La subordinación de Israel al poderío estadounidense fue un regalo caído del cielo para las elites judías de EEUU. El sionismo había surgido de la premisa de que pensar en la asimilación era levantar castillos en el aire, y de que los judíos siempre serían percibidos como extranjeros potencialmente desleales. Para resolver este dilema, los sionistas aspiraban a crear una patria judía. Sin embargo, la proclamación del Estado de Israel vino a exacerbar el problema, al menos para los judíos de la diáspora, pues dio expresión institucional a la acusación de la doble lealtad. Paradójicamente, a partir de junio de 1967, Israel facilitó la asimilación en Estados Unidos: desde entonces, los judíos pasaron a formar parte de la vanguardia defensiva de EEUU —e incluso de la «civilización Occidental»— en contra de las retrógradas hordas árabes. Así como antes de 1967 hablar de Israel era invocar al fantasma de la doble lealtad, después de la guerra de los Seis Días, Israel pasó a significar lealtad máxima.
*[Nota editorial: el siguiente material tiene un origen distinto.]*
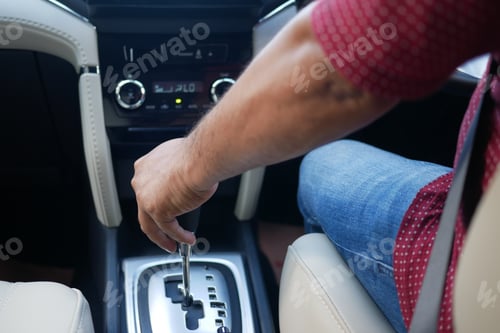 Preview: Male hand changing gear in the car,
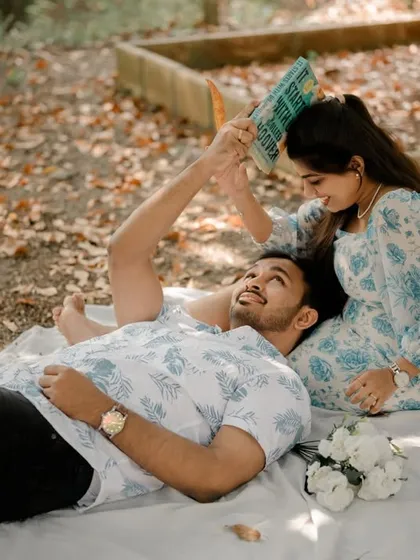 A playful and intimate moment from their picnic shoot. This unique angle and their happy expressions make for a fun and memorable photograph.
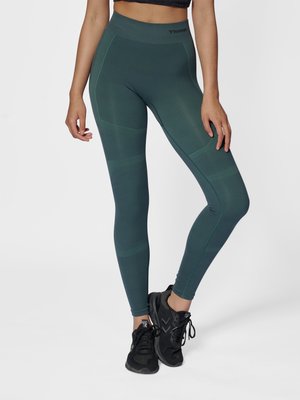Kvinde iført mørk teal seamless leggings med høj talje og sorte løbesko, står med det ene ben let bøjet mod en ensfarvet baggrund.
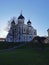 View of the Cathedral of the Holy Prince Alexander Nevsky against the blue sky and the Commandant`s Garden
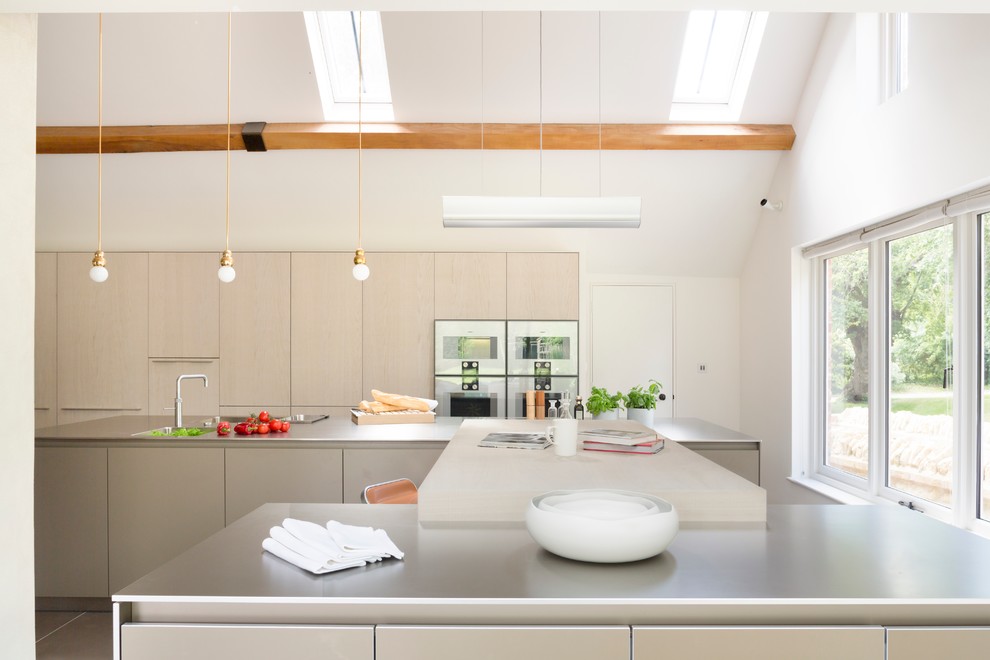 Moderne Küche mit flächenbündigen Schrankfronten, hellen Holzschränken, zwei Kücheninseln, Edelstahl-Arbeitsplatte und Küchengeräten aus Edelstahl in Oxfordshire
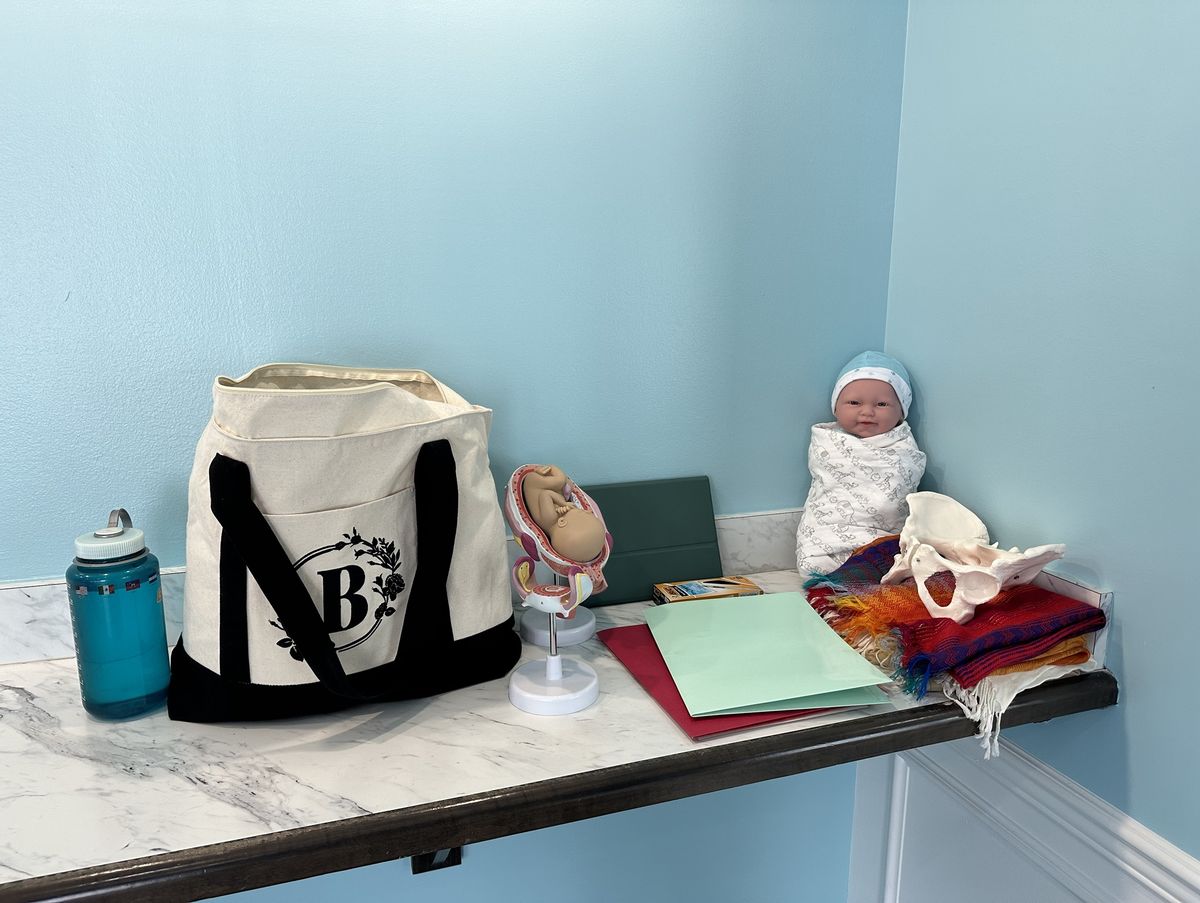 Childbirth class teaching tools: a pelvis model, a fetal model, a newborn doll, rebozo wraps, and handouts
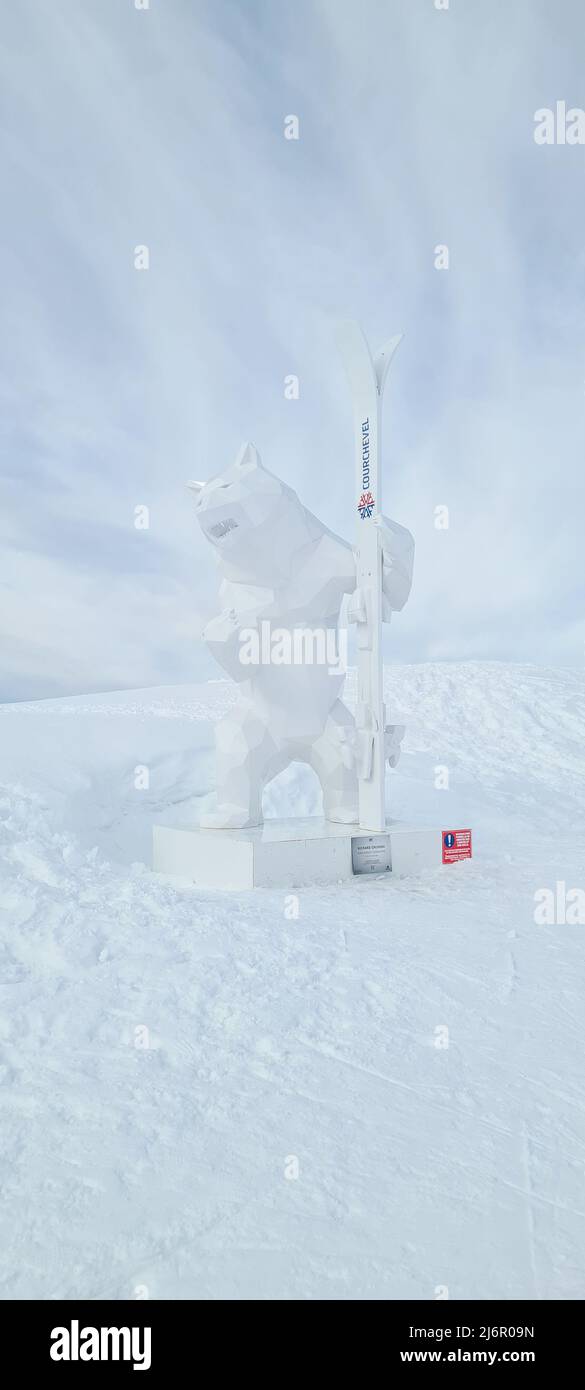 Courchevel, Frankreich - Februar 3 2022: Weiße Bärenskulptur mit Skiern in der Bärenpfote des Skigebiets in Courchevel 'Les Trois Vallees' auf Französisch Stockfoto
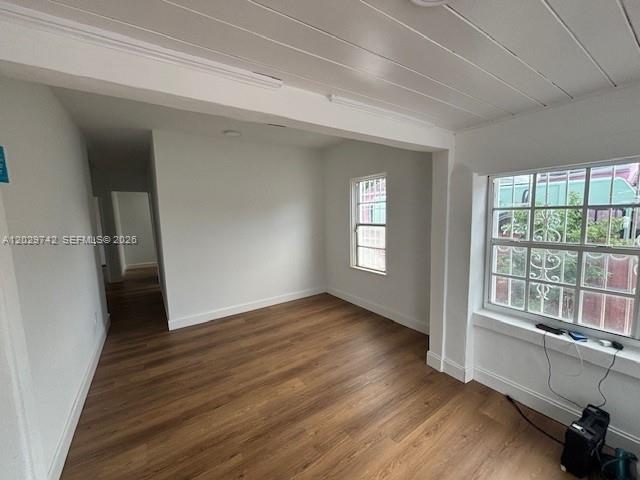 An empty room features light wood-look flooring, white walls, and a white plank ceiling — 34 NW 69th St, Miami FL 33150, MIAMI, FL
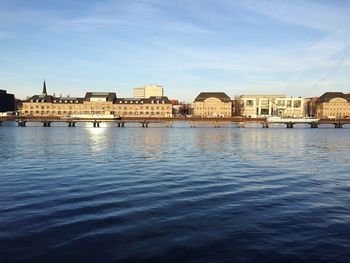 View of city by sea against sky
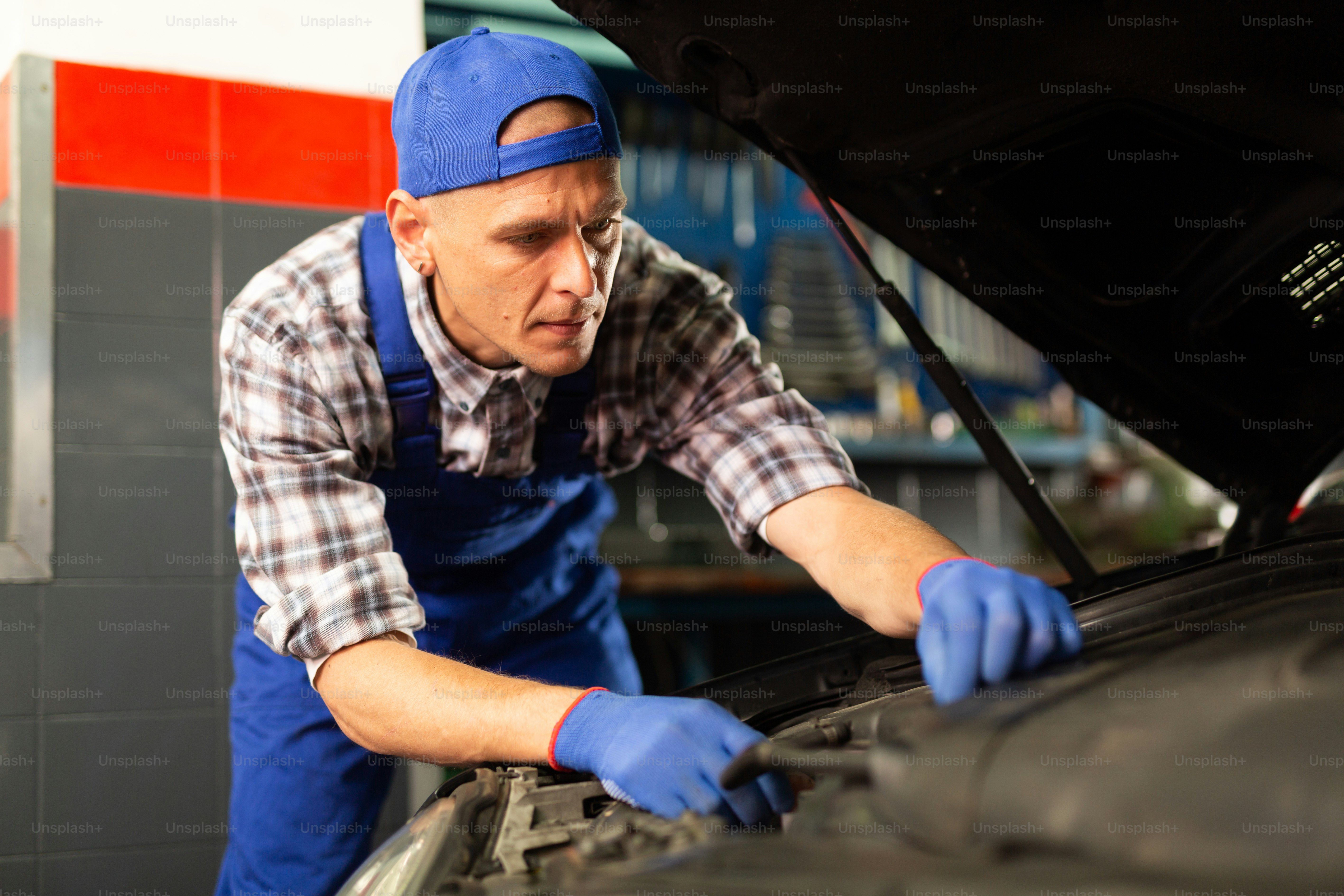 Mechanic technician working at service station, repairing car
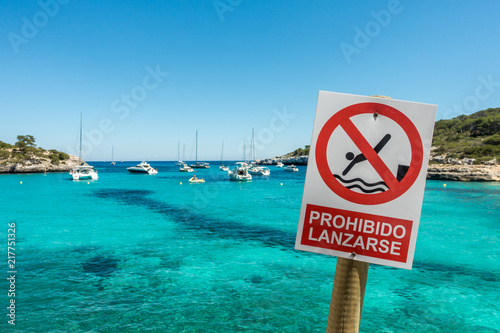 Warning sign on the beach Cala Mondrago on the island of Mallorca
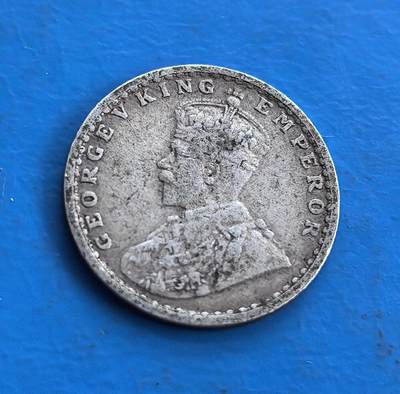 外国优质老铜币高银银币，周六九点倒数截拍，满百包邮，持续收拍 - 英属印度1914 年 2 安那银币，正面乔治五世 “国王 - 皇帝” 像，背面花卉纹环饰 “TWO ANNAS INDIA 1914” 及印度文。银质见证英殖民统治，设计融合英伦君主与印度装饰，铸于一战前夕，属殖民货币稀有标本。承载跨文化统治脉络，为研究英印关系、帝国货币史的独特藏品，藏殖民时代交融印记 。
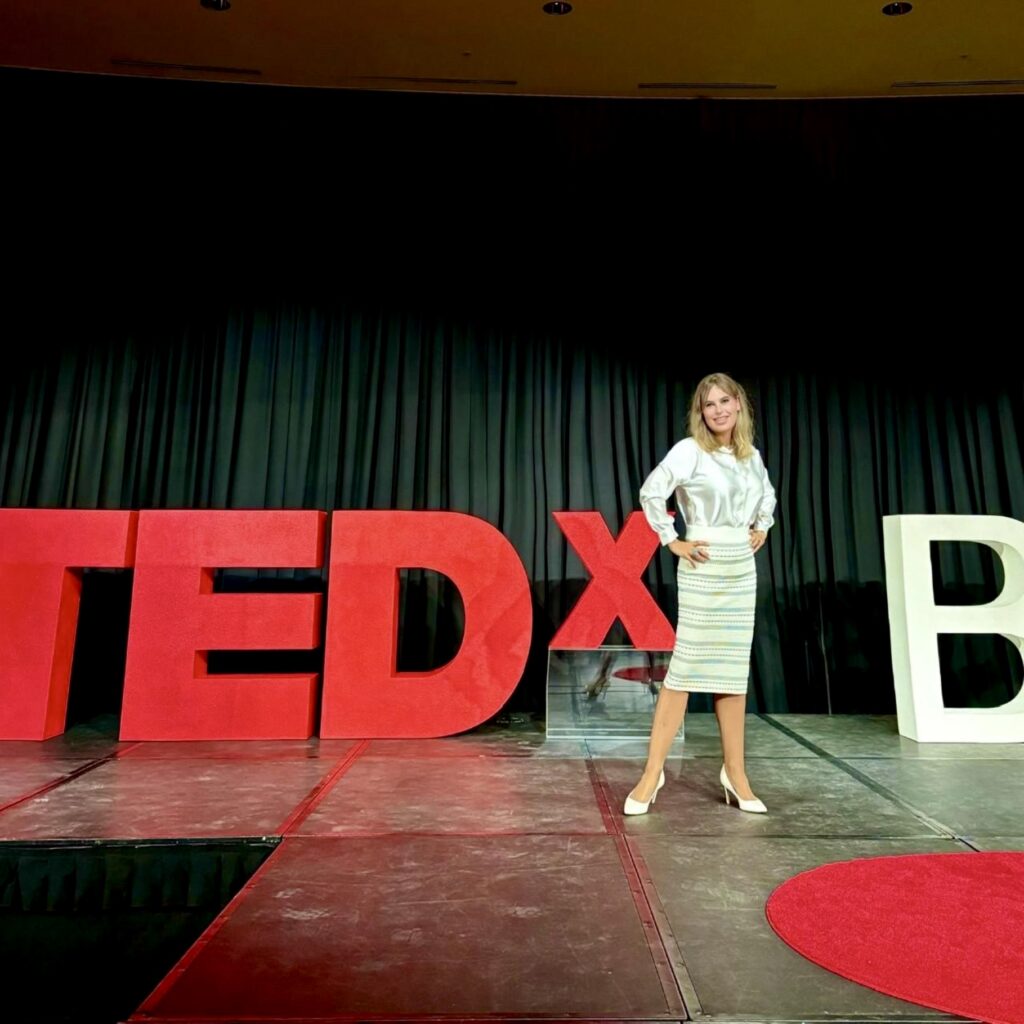 Olga Mack speaking at TEDxBGSU about supervising AI with a manual and a checklist.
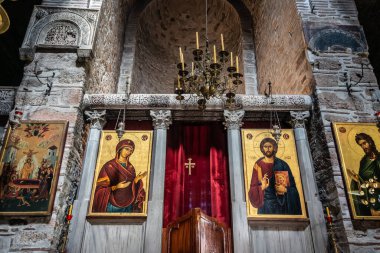 The golden murals with paintings of christ, mary and the apostles on the dome ceiling of Hosios Loukas monastery in Greece.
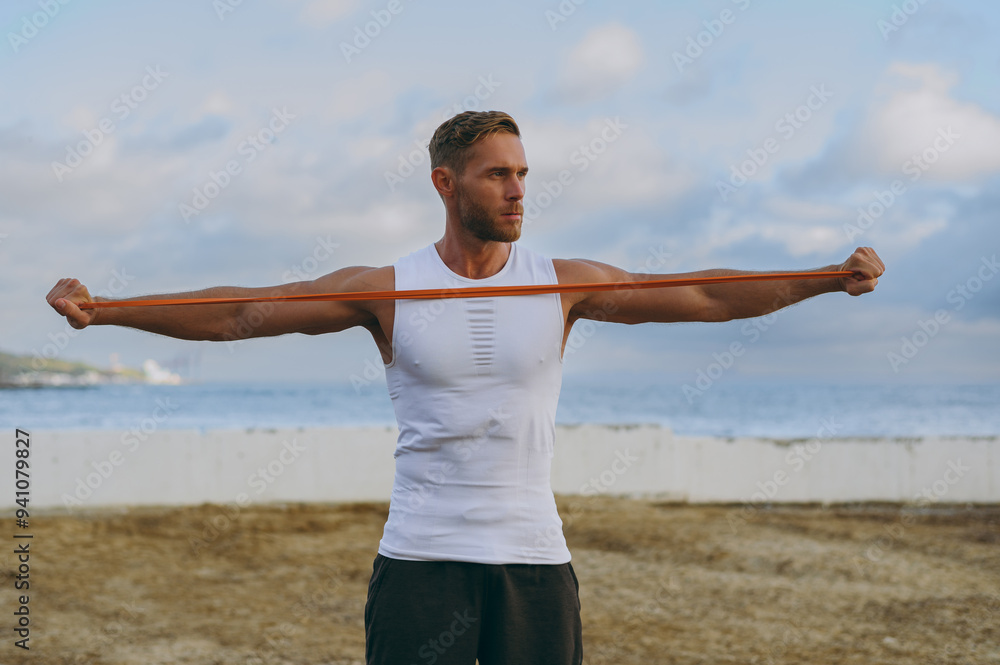 Young strong sporty athletic fit sportsman man he wear sports clothes using elastic rubber band for hands warm up training at sunrise sun dawn over sea beach outdoor on seaside in summer day morning. Young strong sporty athletic fit sportsman man he wear sports clothes using elastic rubber band for hands warm up training at sunrise sun dawn over sea beach outdoor on seaside in summer day morning.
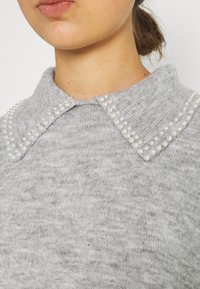 Gros plan sur un pull gris en maille avec un col pointu orné de deux rangées de petites perles blanches de chaque côté.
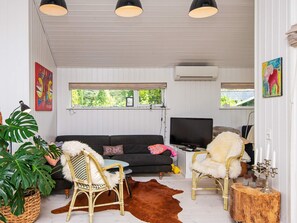 A cozy living room with a sofa, two chairs, a television, and a large plant. - 4 Star Holiday Home in Malling (Malling)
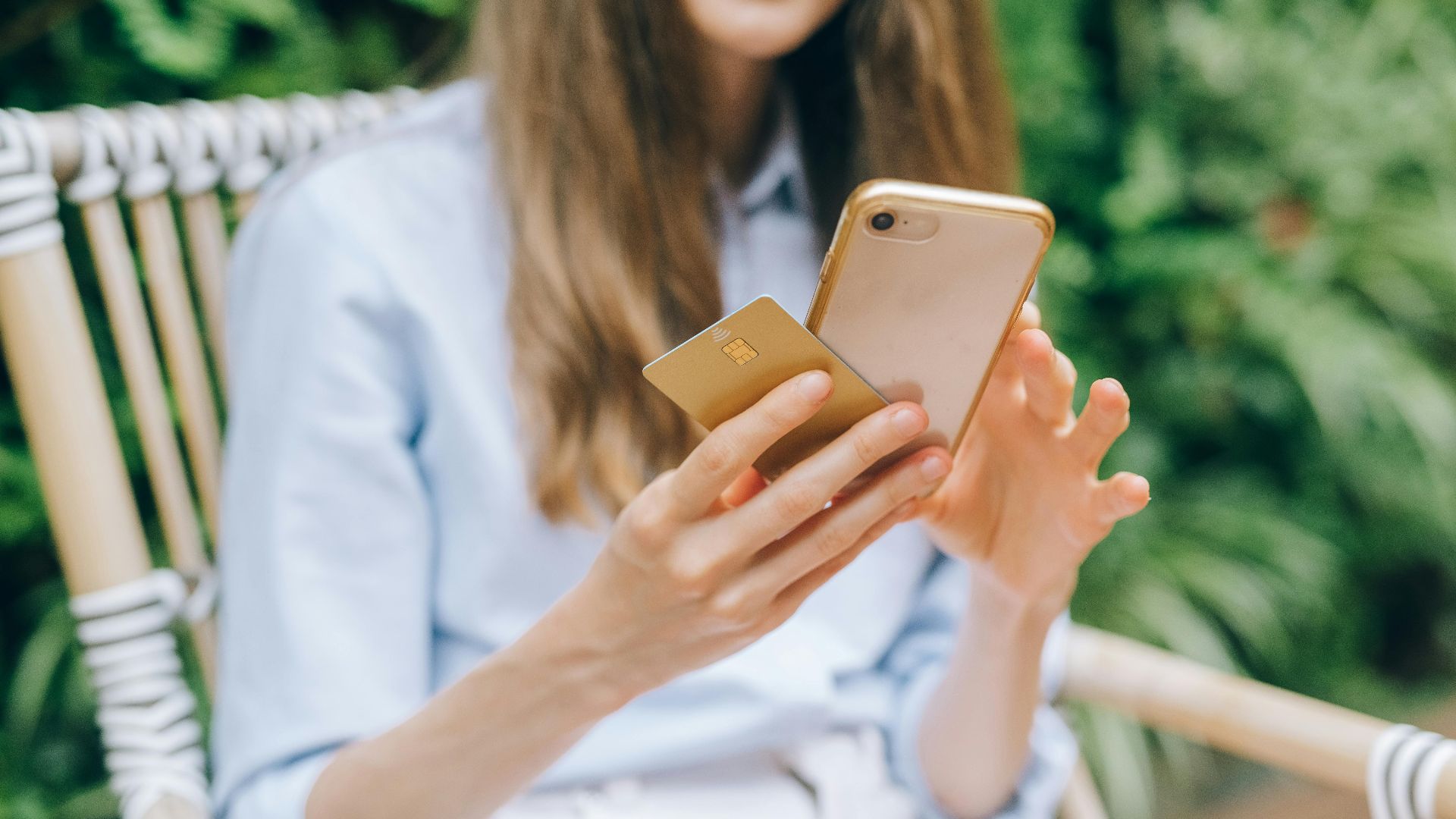 A woman making an online purchase using a smartphone and credit card outdoors.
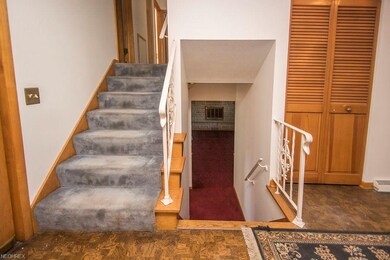 Upstairs on the left and downstairs family room on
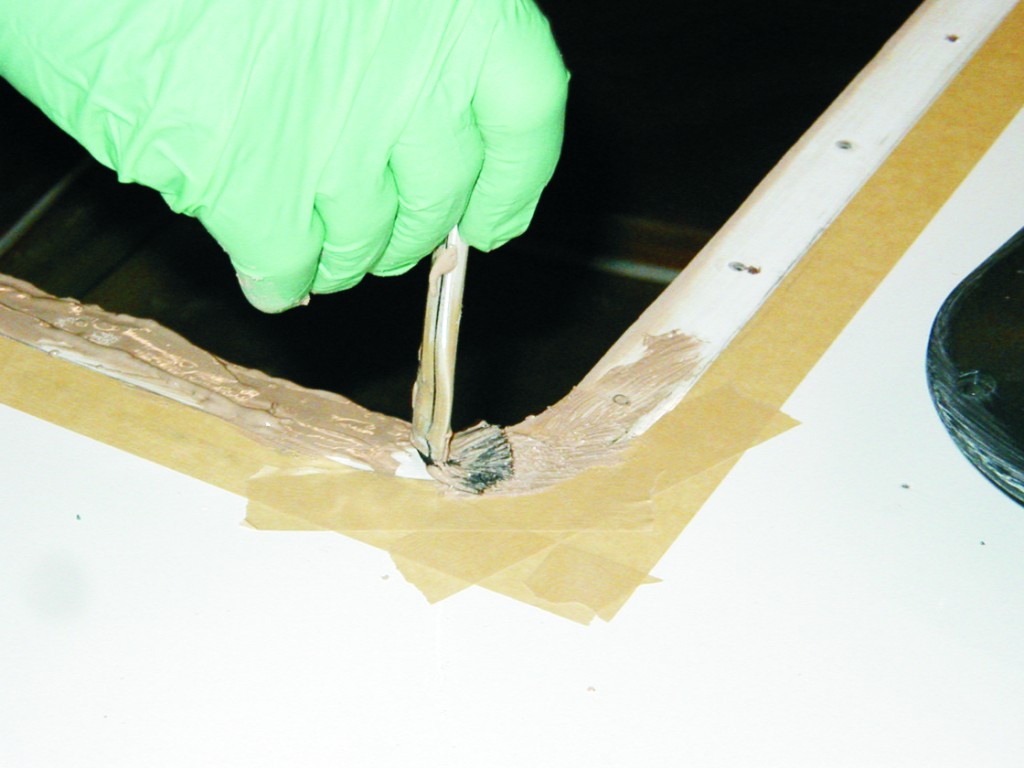 4—Brush a 4–5 mil coating of thickened epoxy to the deck around the perimeter of the opening.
A fin de cuentas, eran los israelíes, y no los estadounidenses, quienes combatían y morían para proteger los intereses de EEUU. Y, a diferencia de los reclutas de la guerra de Vietnam, los combatientes israelíes no fueron humillados por advenedizos tercermundistas…


(continuará)



[ Fragmento de: Norman G. Finkelstein. La industria del Holocausto ]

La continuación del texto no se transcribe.